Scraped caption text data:
________
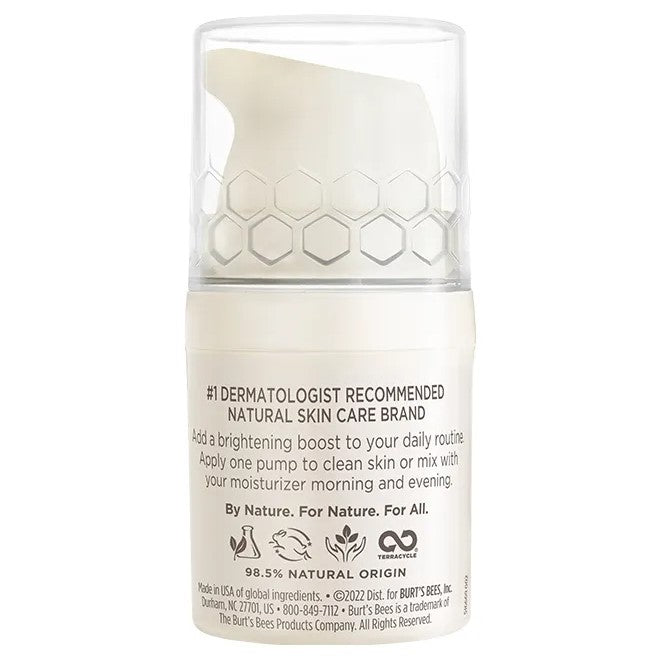 Burt's Bees Brightening Concentrated Serum with Vitamin C & Turmeric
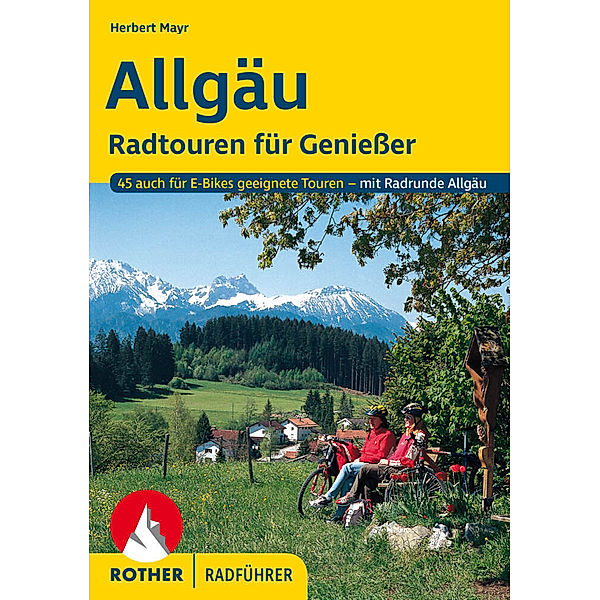 Rother Radführer Allgäu, Herbert Mayr
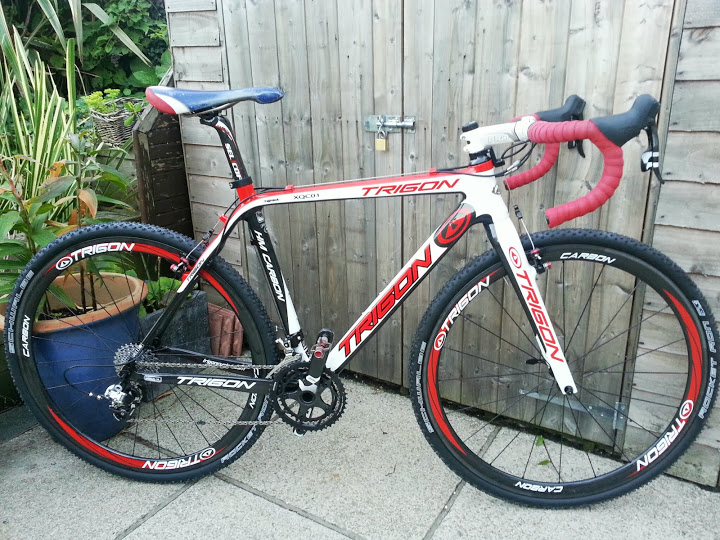 They look the business on the bike...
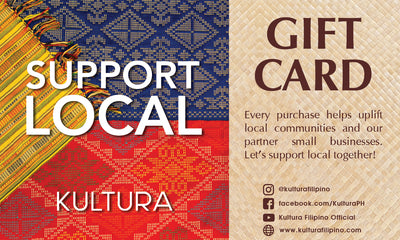 Kultura Gift Card - Kultura Filipino | Support Local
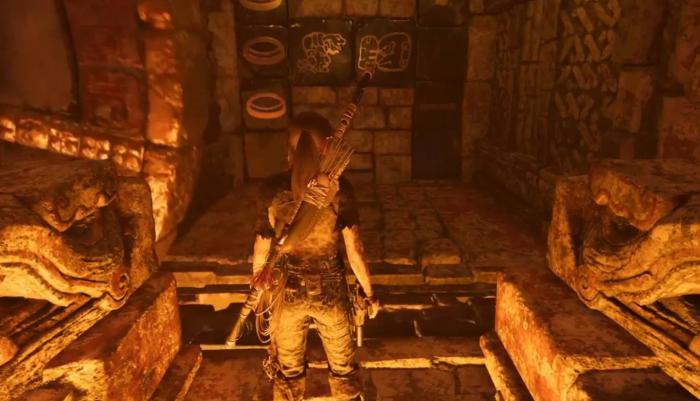 古墓丽影暗影怎么切换箭头1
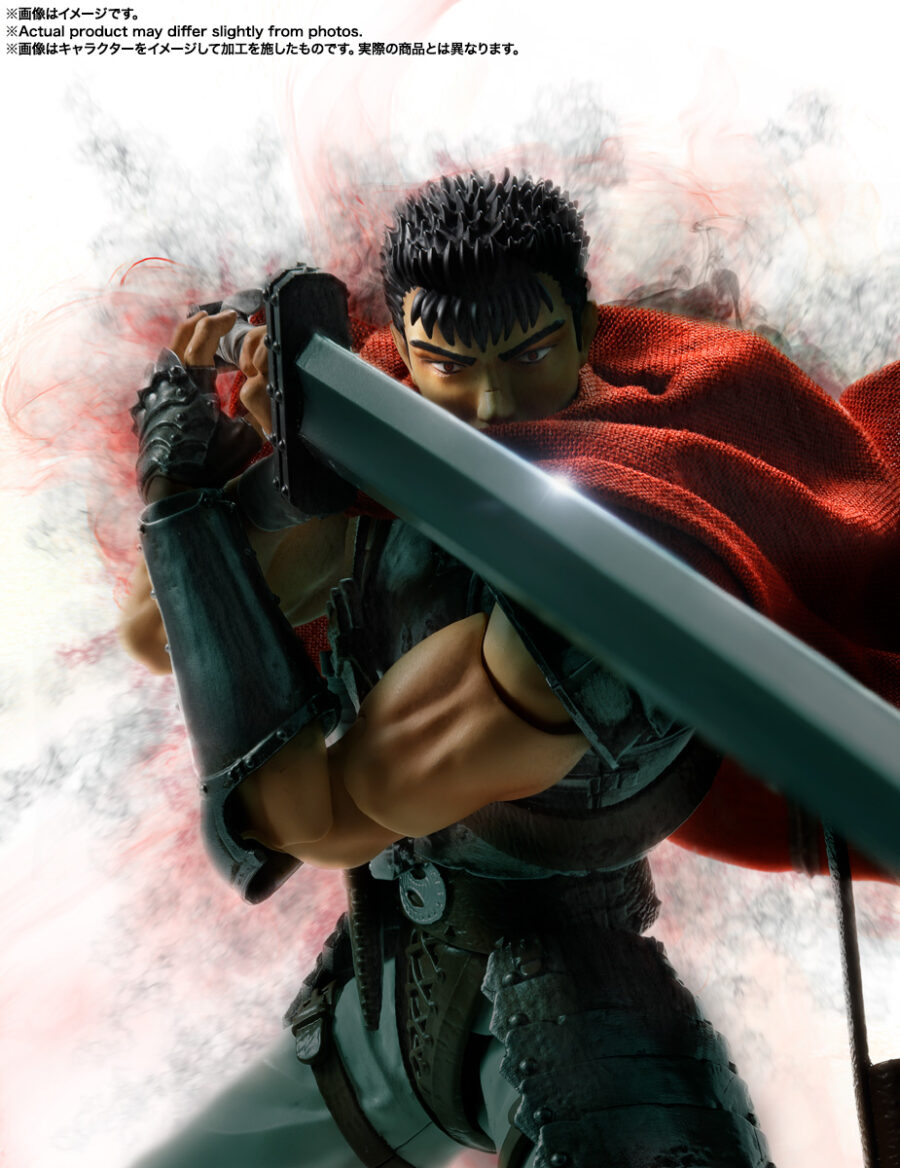 <B>GUTS (BAND OF THE HAWK)</B><BR>S.H.FIGUARTS<BR><B>PREVENTA</B> - Imagen 9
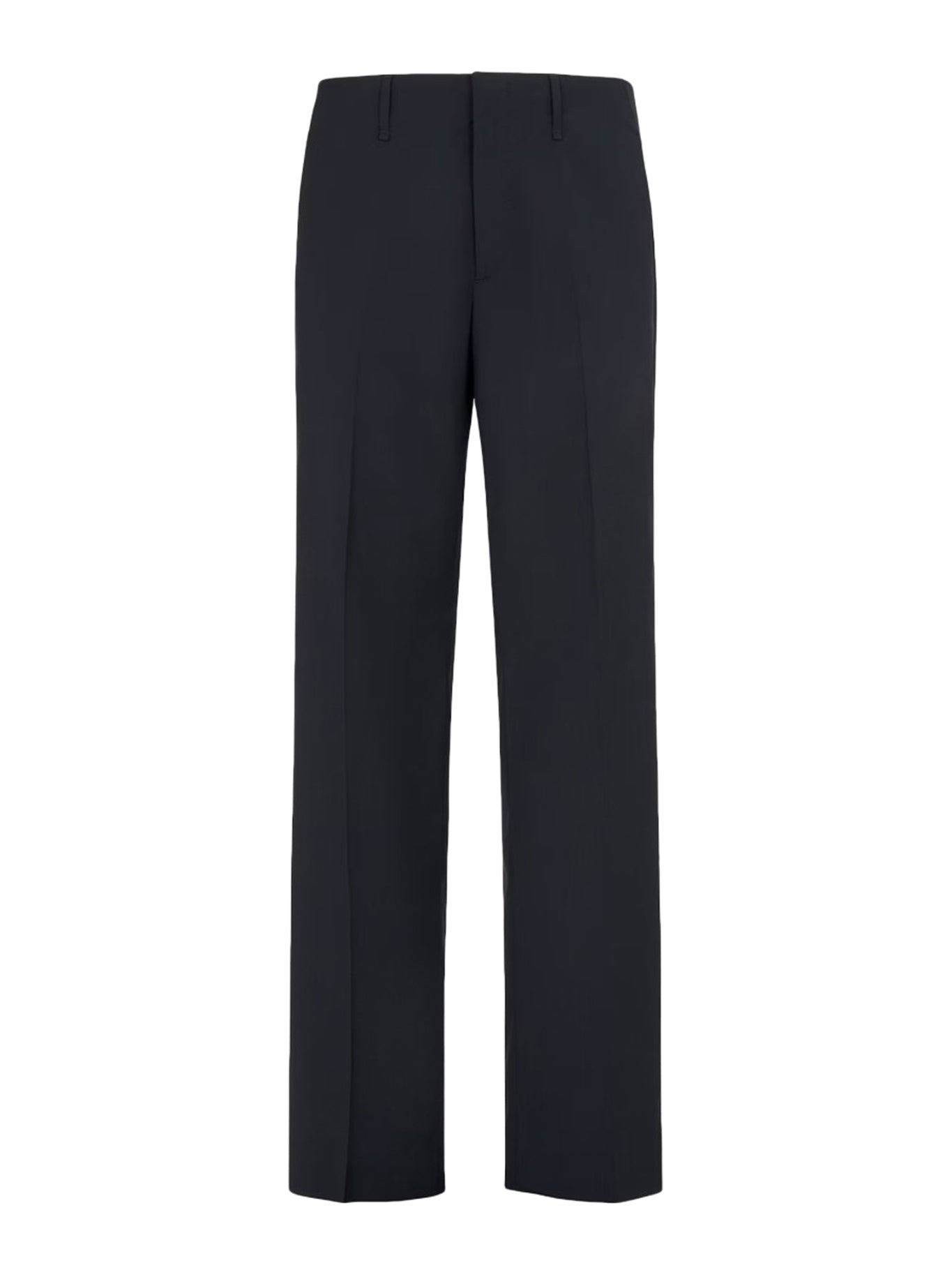 BLUE WOOL TROUSERS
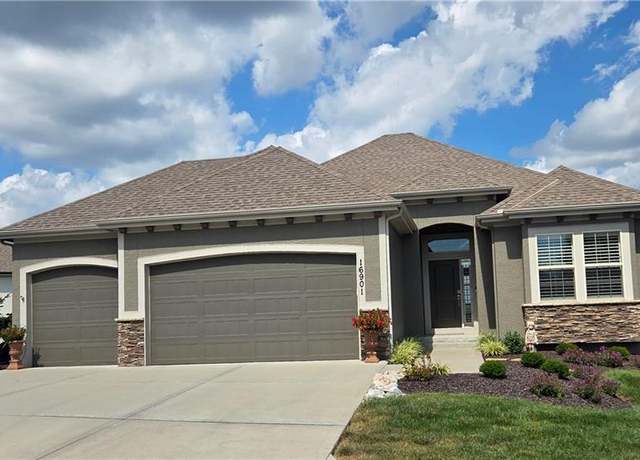 Property at 16901 Haskins St, Overland Park, KS 66221, 4 beds, 3 baths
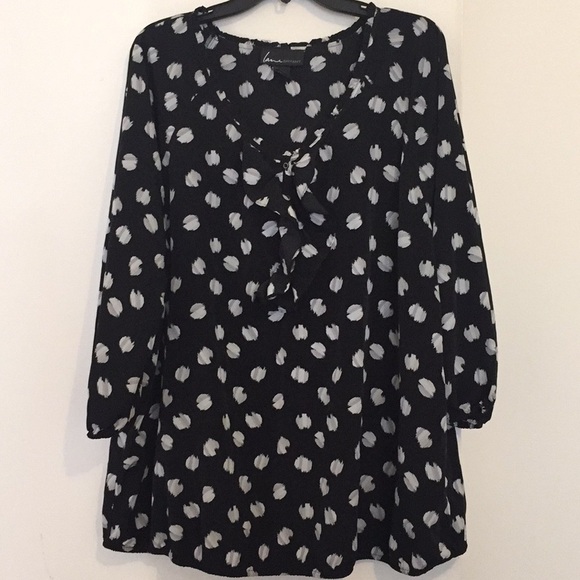 Lane Bryant Ruffle Blouse - Picture 1 of 4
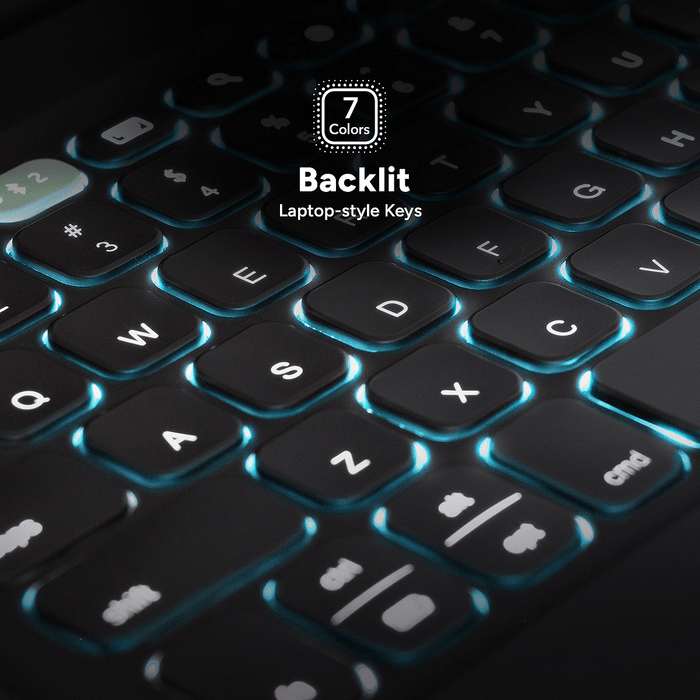 Keyboard ZAGG KB Pro Keys 2 iPad Air 11 (M2/M3) Black 103414639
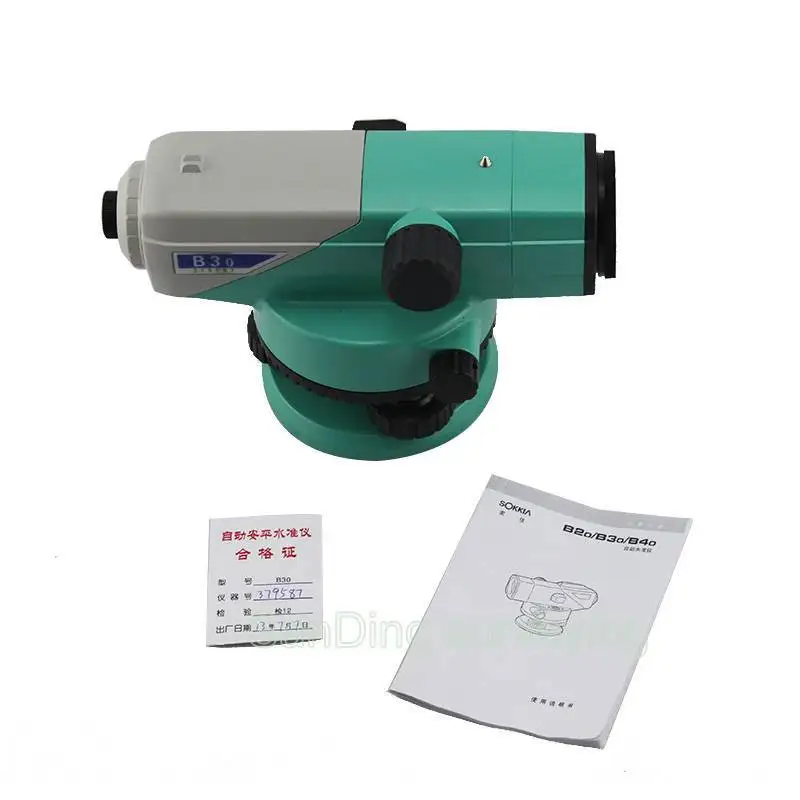 NEW Level Sokkia B30 Automatic Level Instrument stable good accuracy and high precision
NEW Level Sokkia B30 Automatic Level Instrument stable good accuracy and high precision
________
What to produce: From the line that contains "BLUE WOOL TROUSERS" to the final line of the entries, reproduce every line exactly, both ends included. Leave out all pictures.

Task answer:
 BLUE WOOL TROUSERS
 Property at 16901 Haskins St, Overland Park, KS 66221, 4 beds, 3 baths
 Lane Bryant Ruffle Blouse - Picture 1 of 4
 Keyboard ZAGG KB Pro Keys 2 iPad Air 11 (M2/M3) Black 103414639
 NEW Level Sokkia B30 Automatic Level Instrument stable good accuracy and high precision
NEW Level Sokkia B30 Automatic Level Instrument stable good accuracy and high precision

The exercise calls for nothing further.